Location
- 3495 Simpson, Montréal, Québec H3G 2J7 c/o Trafalgar School for Girls (last stated address) Montreal Canada 45°29′55″N 73°35′03″W﻿ / ﻿45.4987314°N 73.58429839999997°W

Information
- Website: hoshuko.ca

= Montreal Hoshuko School =

The Montreal Hoshuko School (École Hoshuko Montréal Inc, Japanese: モントリオール日本語補習校 Montoriōru Nihongo Hoshūkō) is a Japanese supplementary weekend school in Montreal, Quebec. The members of the Montreal Shōkōkai (モントリオール商工会; Japanese Association of Commerce and Industry) manage and assist the administrative and financial aspects of the Montreal Hoshuko and have done so since the school's founding. The Montreal Hoshuko serves both Japanese nationals and Japanese Canadians. The school last indicated that classes were held at the Trafalgar School for Girls, where the weekend school rented space. As of 2017 the school keeps its classroom location confidential, citing safety reasons.

==History==
Due to requests from Japanese national parents, the Montreal Hoshuko School opened in July 1972; the Japanese Ministry of Education (Monbusho) and the Japanese Ministry of Foreign Affairs assisted the school's development. This opening was one of the factors that caused Montreal's Japanese population to increase. Initially classes were held at a Japanese culture hall. Beginning in March 1983 school held classes at the Westmount Park School in Westmount.

The Japanese school initially had a mission entirely focused on the expatriate population. The Japanese national population of Montreal increased in the 1970s and 1980s due to the expansion of the Japanese economy, and this caused the hoshuko's enrollment to increase. Larger numbers of Japanese Canadian children, sons and daughters of immigrant parents, began attending the school in the mid-1980s. Some Japan-born parents feared that the admission of non-Japanese nationals would cause the school to water down its curriculum and complicate their own children's entry into prestigious Japanese universities.

The hoshuko's peak enrollment, with 95 students, was in 1989. Because many Japanese corporations and other corporations removed operations from Quebec, enrollment decreased after the 1980s. As fewer Japanese nationals attended, the Hoshuko School increasingly began to accommodate the Canadian students. In 1999 classes moved to the Trafalgar School.

By 2003 the numbers of students who each have one Japanese parent and one non-Japanese parent have increased, and as of that year the school now admits non-Japanese Canadians. Mary H. Maguire of McGill University stated that the school became a Japanese community gathering center, a "place of relaxation," and more open to cultural and ethnic diversity.

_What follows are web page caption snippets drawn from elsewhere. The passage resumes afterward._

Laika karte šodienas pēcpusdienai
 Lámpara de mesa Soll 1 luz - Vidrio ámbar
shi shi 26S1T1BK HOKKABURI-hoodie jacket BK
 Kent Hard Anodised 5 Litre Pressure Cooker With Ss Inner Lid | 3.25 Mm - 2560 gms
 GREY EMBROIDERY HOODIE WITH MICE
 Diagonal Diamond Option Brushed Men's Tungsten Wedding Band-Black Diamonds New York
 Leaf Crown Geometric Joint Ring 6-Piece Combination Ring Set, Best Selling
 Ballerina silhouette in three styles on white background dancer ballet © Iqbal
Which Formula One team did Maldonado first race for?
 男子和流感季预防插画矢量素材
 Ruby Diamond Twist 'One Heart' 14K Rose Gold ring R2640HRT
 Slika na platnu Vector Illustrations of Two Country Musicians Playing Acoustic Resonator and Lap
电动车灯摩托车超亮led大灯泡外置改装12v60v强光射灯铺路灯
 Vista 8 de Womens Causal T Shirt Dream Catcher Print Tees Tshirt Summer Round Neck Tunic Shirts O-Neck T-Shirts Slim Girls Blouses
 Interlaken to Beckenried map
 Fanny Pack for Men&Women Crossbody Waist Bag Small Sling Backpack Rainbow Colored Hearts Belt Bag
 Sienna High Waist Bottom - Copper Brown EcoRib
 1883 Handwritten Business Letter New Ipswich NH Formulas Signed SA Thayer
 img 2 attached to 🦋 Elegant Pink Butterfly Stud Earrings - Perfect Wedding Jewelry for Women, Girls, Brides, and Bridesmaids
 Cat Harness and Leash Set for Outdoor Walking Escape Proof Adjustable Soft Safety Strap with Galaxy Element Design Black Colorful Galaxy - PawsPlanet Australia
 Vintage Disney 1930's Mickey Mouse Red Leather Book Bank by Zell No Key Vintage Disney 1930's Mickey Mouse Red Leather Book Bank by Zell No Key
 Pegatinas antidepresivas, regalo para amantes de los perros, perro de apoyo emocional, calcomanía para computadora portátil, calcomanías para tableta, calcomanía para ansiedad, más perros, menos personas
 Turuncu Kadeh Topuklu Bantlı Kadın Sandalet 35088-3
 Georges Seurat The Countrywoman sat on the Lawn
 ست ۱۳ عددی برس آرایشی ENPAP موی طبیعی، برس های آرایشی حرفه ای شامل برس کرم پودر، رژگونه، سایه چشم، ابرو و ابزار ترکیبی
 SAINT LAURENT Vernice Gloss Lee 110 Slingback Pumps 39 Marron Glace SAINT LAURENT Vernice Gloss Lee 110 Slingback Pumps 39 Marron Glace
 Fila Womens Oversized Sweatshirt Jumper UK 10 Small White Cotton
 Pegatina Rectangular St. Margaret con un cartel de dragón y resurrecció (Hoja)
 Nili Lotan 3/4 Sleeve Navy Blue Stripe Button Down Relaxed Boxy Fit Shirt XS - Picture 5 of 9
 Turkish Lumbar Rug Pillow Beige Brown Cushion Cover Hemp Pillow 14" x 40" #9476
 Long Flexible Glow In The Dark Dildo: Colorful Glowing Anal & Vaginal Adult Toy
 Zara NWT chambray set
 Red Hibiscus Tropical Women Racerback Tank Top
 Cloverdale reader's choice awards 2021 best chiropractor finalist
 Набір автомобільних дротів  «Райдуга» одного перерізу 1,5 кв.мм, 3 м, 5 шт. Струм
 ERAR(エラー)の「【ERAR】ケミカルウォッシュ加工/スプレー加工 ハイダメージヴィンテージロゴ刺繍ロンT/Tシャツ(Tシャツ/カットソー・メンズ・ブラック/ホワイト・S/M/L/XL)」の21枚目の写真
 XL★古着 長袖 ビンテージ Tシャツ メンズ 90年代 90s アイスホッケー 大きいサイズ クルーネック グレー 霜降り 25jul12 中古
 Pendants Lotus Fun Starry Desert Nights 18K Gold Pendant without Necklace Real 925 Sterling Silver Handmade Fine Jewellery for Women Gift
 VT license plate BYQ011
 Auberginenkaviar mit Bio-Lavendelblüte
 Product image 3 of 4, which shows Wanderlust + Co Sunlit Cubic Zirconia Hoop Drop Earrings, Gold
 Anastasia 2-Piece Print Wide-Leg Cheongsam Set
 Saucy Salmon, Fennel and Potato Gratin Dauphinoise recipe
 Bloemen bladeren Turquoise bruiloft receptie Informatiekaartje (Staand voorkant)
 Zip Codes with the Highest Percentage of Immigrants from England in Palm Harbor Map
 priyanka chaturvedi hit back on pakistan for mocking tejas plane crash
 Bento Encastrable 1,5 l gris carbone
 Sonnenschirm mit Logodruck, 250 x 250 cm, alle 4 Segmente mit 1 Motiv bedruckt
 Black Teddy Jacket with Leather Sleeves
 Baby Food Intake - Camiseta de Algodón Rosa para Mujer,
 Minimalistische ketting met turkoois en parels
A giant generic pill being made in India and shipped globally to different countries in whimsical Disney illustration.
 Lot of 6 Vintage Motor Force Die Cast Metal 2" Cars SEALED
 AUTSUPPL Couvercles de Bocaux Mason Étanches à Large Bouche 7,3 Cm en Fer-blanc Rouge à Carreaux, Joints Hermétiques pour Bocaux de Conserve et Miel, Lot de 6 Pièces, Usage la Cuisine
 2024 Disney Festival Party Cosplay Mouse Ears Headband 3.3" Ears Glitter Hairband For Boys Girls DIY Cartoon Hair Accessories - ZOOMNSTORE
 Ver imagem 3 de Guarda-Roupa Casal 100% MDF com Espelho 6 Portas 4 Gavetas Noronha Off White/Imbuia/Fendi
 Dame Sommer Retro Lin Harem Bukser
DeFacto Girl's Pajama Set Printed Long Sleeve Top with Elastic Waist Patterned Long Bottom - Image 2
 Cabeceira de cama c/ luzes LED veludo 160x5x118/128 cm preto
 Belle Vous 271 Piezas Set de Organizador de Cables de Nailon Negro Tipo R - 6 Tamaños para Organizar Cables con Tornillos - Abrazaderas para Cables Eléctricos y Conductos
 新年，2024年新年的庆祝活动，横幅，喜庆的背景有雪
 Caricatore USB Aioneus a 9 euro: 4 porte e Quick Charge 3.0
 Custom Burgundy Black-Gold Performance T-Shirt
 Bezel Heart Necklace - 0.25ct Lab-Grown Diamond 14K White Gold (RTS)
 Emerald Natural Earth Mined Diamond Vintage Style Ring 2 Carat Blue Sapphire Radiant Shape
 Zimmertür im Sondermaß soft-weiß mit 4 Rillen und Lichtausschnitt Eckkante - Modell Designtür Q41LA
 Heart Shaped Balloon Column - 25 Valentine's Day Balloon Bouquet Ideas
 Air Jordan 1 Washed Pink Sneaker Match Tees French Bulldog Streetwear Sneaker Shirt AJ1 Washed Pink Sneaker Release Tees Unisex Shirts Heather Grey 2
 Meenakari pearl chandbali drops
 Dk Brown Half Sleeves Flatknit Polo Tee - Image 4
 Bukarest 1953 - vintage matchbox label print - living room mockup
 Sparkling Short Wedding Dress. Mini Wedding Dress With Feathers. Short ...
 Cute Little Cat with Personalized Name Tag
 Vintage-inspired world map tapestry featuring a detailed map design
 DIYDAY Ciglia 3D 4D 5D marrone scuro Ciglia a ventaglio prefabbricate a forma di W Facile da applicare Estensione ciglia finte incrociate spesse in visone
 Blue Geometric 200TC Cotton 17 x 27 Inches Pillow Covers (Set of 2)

==Student and parent demographics==
As of 2001 the enrollment was more than 50 students. The school, as of 2003, has two main groups of students: children of academics and children of businesspersons. The businessperson families historically were the wealthiest segment and provided financial support for the weekend school. In the school's early years prominent positions of the school's steering committee included employees of the Bank of Tokyo, Mitsubishi, and Mitsui. Compared to the businessperson families, the academics have placed more focus on studies at the local schools and learning about other cultures.

As of 2003, about half of the students were children of Japanese persons and about half were the children of ethnic Japanese born in Canada. Some students were from mixed marriages.

As of 2001 some students commute from Quebec City and Sherbrooke. The school served families living in Ottawa until its own Japanese weekend school opened.